A cryptic look moved across his face. “Some dreams are too expensive to keep.”
“Supersonic was a dream you and your brothers had,” she pointed out.
“Which was built on a solid business case backed up by a gap in the market we identified. Opportunity,” he qualified, “makes sense to me. Blind idealism does not.”
“Too much ambition can also be destructive,” she said. “I see plenty of examples of that in New York.”
“In the man who broke your heart?” Lazzero inserted smoothly.
Her pulse skipped a beat. “Who says he exists?”
“I do,” he drawled. “Your speech at the café...the fact that you’ve never given any man who comes in there a fighting chance. You have ‘smashed to smithereens’ written all over you.”
She sank her teeth into her lip, finding that an all-too-accurate description of what Antonio had done to her. “There was someone,” she acknowledged quietly, “and yes, he broke my heart. But in hindsight, it was for the best. It made me see his true colors.”
“Which were?”
“That he was not to be trusted. That men like him are not to be trusted.”
He eyed her. “That is a massive generalization. So he hurt you...so he burned you badly. He is only one man, Chiara. What are you going to do? Spend the rest of your life avoiding a certain kind of man because he might hurt you?”
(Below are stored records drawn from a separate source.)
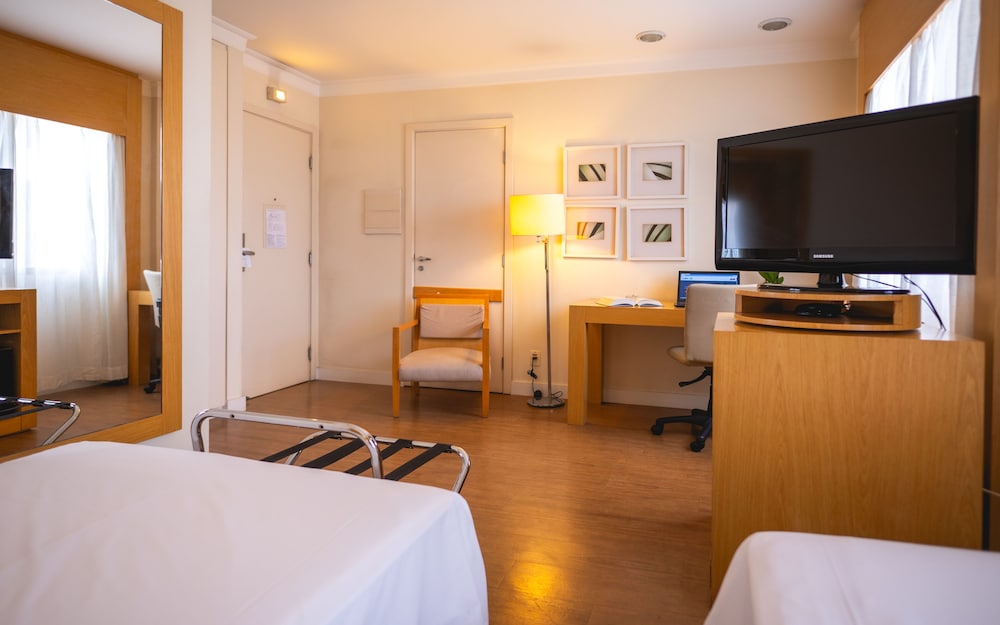 Superior Twin Room - Photo 3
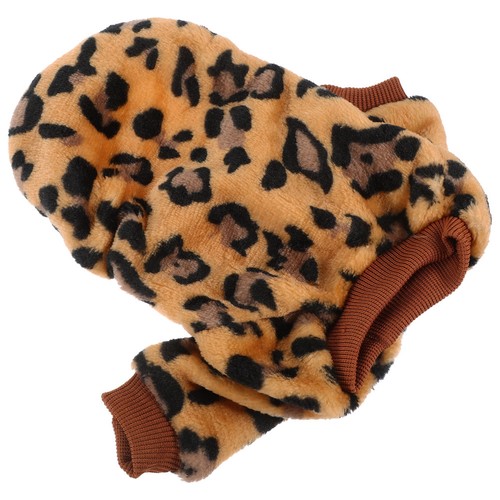 Costume pour chien - ,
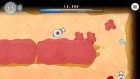 Screenshots de Internal Invasion sur WiiU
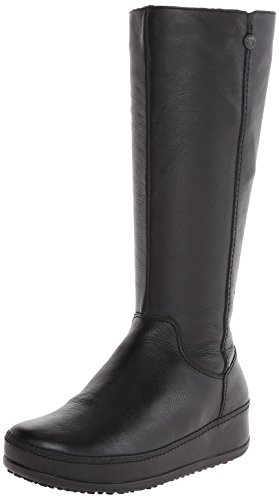 « Click to Enlarge and to go to Amazon »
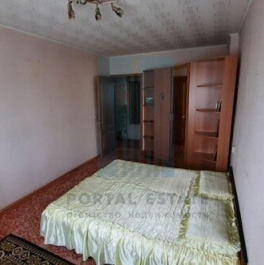 Продажа 2-комн квартиры на вторичном рынке Чехов, ул Чехова,  д. 6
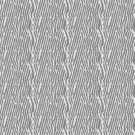 Samur SD (342) Gri Desenli Otel Halısı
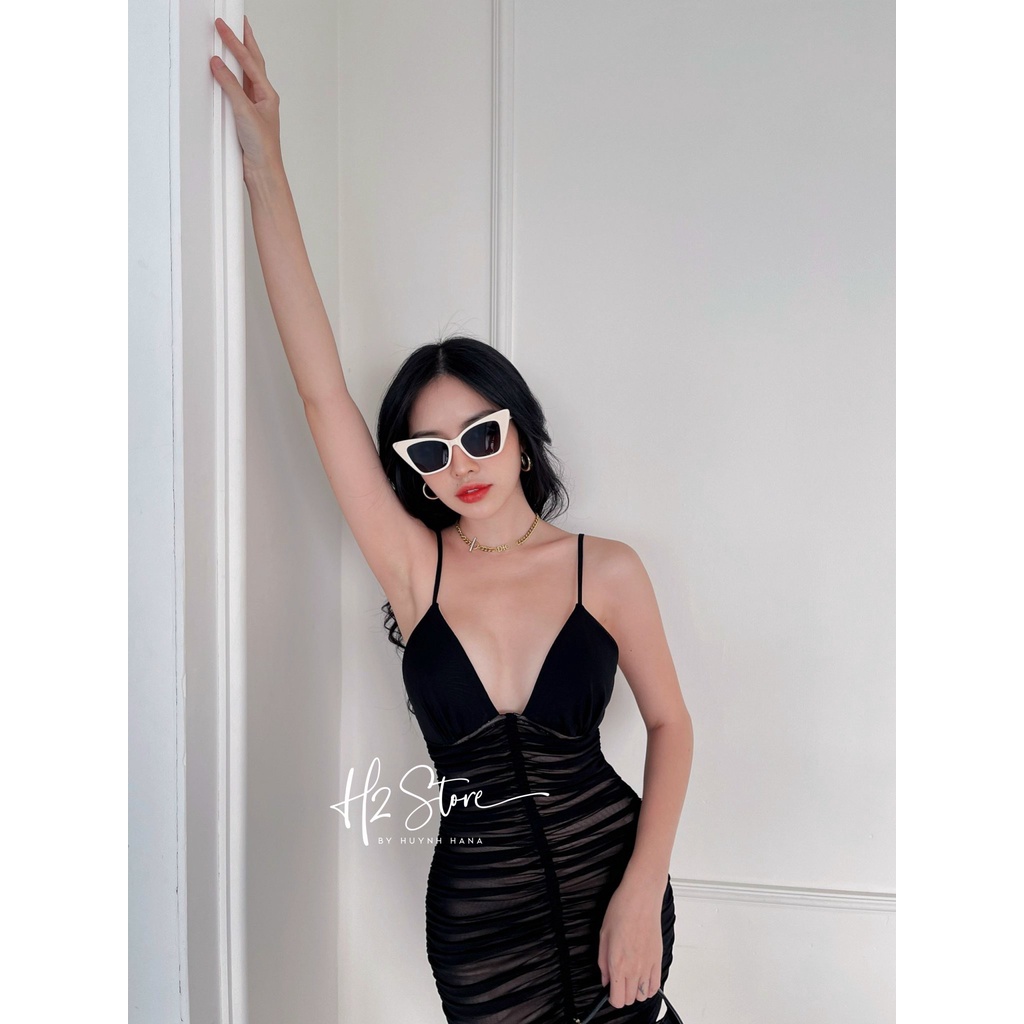 KÍNH MÈO - T000448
Her mouth set at a stubborn angle. “I’m not willing to take the risk.”
“Did you love him?”
“I thought I did.” She gave him a pointed look. “I could ask you the same thing. Where does your fear of commitment come from? Because clearly, you have one.”
A lift of his broad shoulder. “I simply don’t care to.”
“Why not?”
“Because relationships are complicated dramas I have no interest in participating in.” He took a sip of his drink. Rested his glass on his lean, corded thigh. “What about family?” he asked, tipping his glass at her. “I know nothing about yours other than the fact that your father, Carlo, runs Ferrante’s. What about your mother? Brothers? Sisters?”
A shadow whispered across her heart. “My mother died of breast cancer when I was fifteen. I’m an only child.”
His gaze darkened. “I’m sorry. You were close to her?”
“Yes,” she said quietly. “She ran the bakery with my father. She was amazing—wonderful, wise. A pseudo parent to half the kids in the neighborhood. My father always said most of the clientele came in just to talk to her.”
“You miss her,” he said.
Heat stung the back of her eyes. “Every day.” It was a deep, dark hollow in her soul that would never be filled.
Lazzero curled his fingers around hers. Strong and protective, they imparted a warmth that seemed to radiate right through her. “My father died when I was nineteen,” he murmured. “I know how it feels.”
Oh. She bit her lip. “How?”
“He was an alcoholic. He drank himself to death.”
She absorbed his matter-of-fact countenance. “And your mother? Is she still alive?”